No terminal Bandeira, no centro de São Paulo, o discurso era diferente do repercutido na manifestação da avenida Paulista. Ali, os colegas de telemarketing, Karla Rodrigues, 28, e Matheus Oliveira, 19, também se dizem favoráveis à paralisação dos caminhoneiros e a possíveis novas greves de outras categorias. “Sei que talvez tenha protesto de professores e petroleiros esta semana e eu acho que a coisa tem que crescer mesmo, o Governo precisa saber do valor da população”, diz Oliveira. Contudo, não acreditam que uma intervenção militar seja uma saída desejável e dizem fugir de discursos extremistas, “como os do Bolsonaro”. Karla diz que se as eleições fossem hoje, ela gostaria de votar em Lula. “Se ele fosse presidente, isso não estaria acontecendo”, defende ela que diz ter anulado o voto nas últimas eleições. Oliveira, por sua vez, diz não saber em quem votaria, não acredita em nenhum dos candidatos colocados até agora.

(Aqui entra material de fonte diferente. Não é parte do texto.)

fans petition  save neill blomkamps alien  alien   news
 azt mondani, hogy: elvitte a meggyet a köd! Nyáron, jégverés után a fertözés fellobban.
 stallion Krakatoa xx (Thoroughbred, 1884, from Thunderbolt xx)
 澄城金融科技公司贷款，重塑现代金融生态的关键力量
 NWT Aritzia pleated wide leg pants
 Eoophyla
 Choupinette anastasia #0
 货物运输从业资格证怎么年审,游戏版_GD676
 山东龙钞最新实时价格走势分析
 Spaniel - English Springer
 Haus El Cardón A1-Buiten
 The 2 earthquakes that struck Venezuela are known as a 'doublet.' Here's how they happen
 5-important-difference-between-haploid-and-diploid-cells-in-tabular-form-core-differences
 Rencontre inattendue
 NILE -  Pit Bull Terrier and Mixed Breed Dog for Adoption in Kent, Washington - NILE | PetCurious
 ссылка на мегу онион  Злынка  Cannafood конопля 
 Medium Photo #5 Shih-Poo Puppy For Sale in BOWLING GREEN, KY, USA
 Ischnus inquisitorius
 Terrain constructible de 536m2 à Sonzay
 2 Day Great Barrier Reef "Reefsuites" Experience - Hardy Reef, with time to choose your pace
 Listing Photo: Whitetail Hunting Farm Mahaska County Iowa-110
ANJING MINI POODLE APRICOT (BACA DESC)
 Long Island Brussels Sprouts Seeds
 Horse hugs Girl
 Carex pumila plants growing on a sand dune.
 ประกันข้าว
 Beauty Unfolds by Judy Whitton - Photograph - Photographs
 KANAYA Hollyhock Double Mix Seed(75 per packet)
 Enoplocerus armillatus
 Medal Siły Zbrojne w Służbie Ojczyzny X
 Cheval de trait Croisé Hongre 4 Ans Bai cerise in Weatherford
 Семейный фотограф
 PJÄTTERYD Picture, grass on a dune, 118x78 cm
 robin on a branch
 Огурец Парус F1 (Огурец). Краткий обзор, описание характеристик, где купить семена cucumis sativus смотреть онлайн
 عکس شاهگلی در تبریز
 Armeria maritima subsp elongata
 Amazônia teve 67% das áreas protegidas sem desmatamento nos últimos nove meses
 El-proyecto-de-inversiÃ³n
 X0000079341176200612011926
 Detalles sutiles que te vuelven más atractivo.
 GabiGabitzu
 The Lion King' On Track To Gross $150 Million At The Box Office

Manuel Messias, 41 anos, motorista de ônibus fretado
Manuel Messias, 41 anos, motorista de ônibus fretado

Já na na zona oeste de São Paulo, trabalhando em um mesmo ponto de táxi na região do Largo da Batata, Manuel Messias, 41 anos, e Gilson Lourenço, 37, discordam em quase tudo quando o assunto é política. Ex-metalúrgico, Messias diz sempre ter votado no PT, acredita que o impeachment de Dilma Rousseff foi um golpe parlamentar e defende que não há provas para a prisão do ex-presidente Lula. Hoje, ele votaria em Ciro Gomes. Lourenço, por sua vez, acredita que os eleitores de Rousseff são responsáveis pela atual crise brasileira, já que, ao elegerem ela, também elegeram seu vice, Michel Temer. Hoje, ele, que defende que o Brasil precisa de alguém com pulso firme - “que interrompa a vinda de imigrantes haitianos e venezuelanos para cá” -, votaria em Bolsonaro. Ambos taxistas, contudo, concordam no mesmo ponto que todos os entrevistados pelo EL PAÍS: os caminhoneiros estavam certos desde o começo.

As demonstrações de apoio da população à paralisação, contudo, parecem ter a ver mais com uma insatisfação geral contra o Governo do que com o preço dos combustíveis. A poucos metros do ponto de táxi, o motorista de ônibus fretados Manuel Edgar, 64, resume um pouco a confusão do momento. Cansado, ele diz que a situação não estaria assim se “a Dilma não tivesse sido forçada a sair”, contudo, acredita que uma intervenção militar seja uma solução. Mas não há um incongruência em defender o governo da ex-presidente e ser favorável a uma intervenção? “É verdade, pode ser que a gente sofra com isso, mas chegou numa situação que não tem mais para onde correr”, diz.